San Francisco'nun ikinci gunu..

Evet, gecen hafta Sena ile San Francisco'ya gitmistik ve ben de sizi sikmiyim diye yavas yavas anlatiyorum. Daha gitmeden ince Sena Alcatraz Hapishanesi'ne gitme onerisi sunmustu ve bana da baya mantikloi gelmisti. Alcatraz Hapishanesi, San Francisco'ya 1.5 kadar kilometre uzakta, bir adanin uzerinde bulunuyor. Bu hapsihaneden canli olarak kacmak imknasiz gibi anlatiliyor, nedeni ise kopekbaliklari, guclu akintilar ve suyun 10 derece civarinda olmasi. Canli bir sekilde cikabilseniz bile canli bir sekilde karaya adim atamaycaginiz soyleniyor. Bu hapishane hapishanelerin en serti ve sikisi olarak aniliyor, ancak 1964 yilinda isletme maliyetlerinin fazla olmasindan dolayi kapatilmis ve su anda turistik turlara acilmis durumda. Biz de daha onceden yerimizi ayirmitsik, cunku ayni gune istediginiz saate yer bulmak oldukca zor. Hapishaneyi daha sonra detayli bir bicimde anlatcagim. Saat 12 ye kadar orada kalip hucreleri gordukten sonra karaya geri donduk. Bu sirada Sena baya uzgundu cunku kamerasinin pili bitmisti. 

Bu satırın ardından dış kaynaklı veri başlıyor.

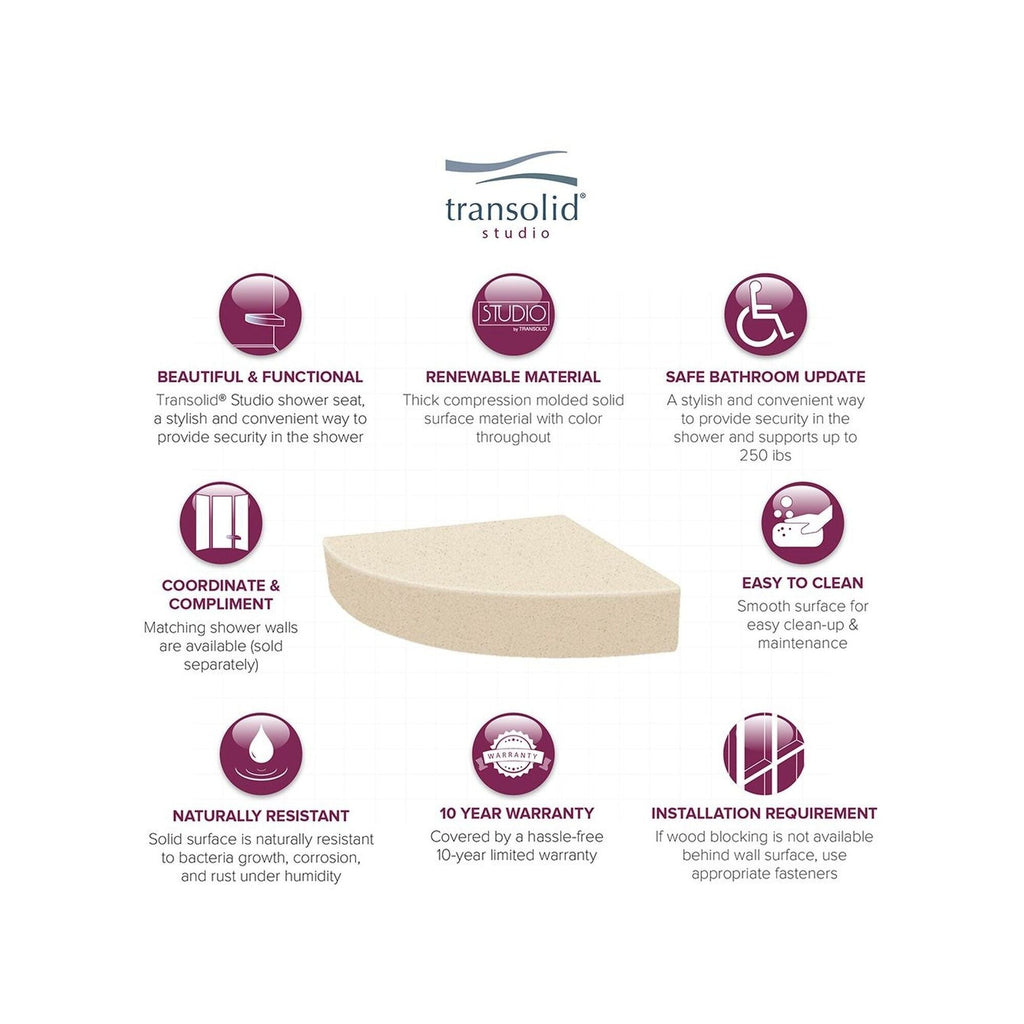 Transolid Studio 14-In X 14-In Solid Surface Wall-Mount Corner Shower Seat - 14.5 x 14.25 x 3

Tam odaya geri donup Sena'nin sarj aletini almayi dusunurken oradaki kamera saticilarindan biri yardima kostu ve bes amerikan dolari karsiliginda pilimizi sarj etti. Biz de o sirada ekmek icinde midye corbasi ictik. Bu corbayi baya fazla yer yapiyor aslinda ama bizim yedigimiz yer kocaman ve her turlu ekmegi satan bir firin oldugu icin inanilmaz guzel bir ekmegin kapagini kesip icine corba koyuyor, tadindan yenmiyor.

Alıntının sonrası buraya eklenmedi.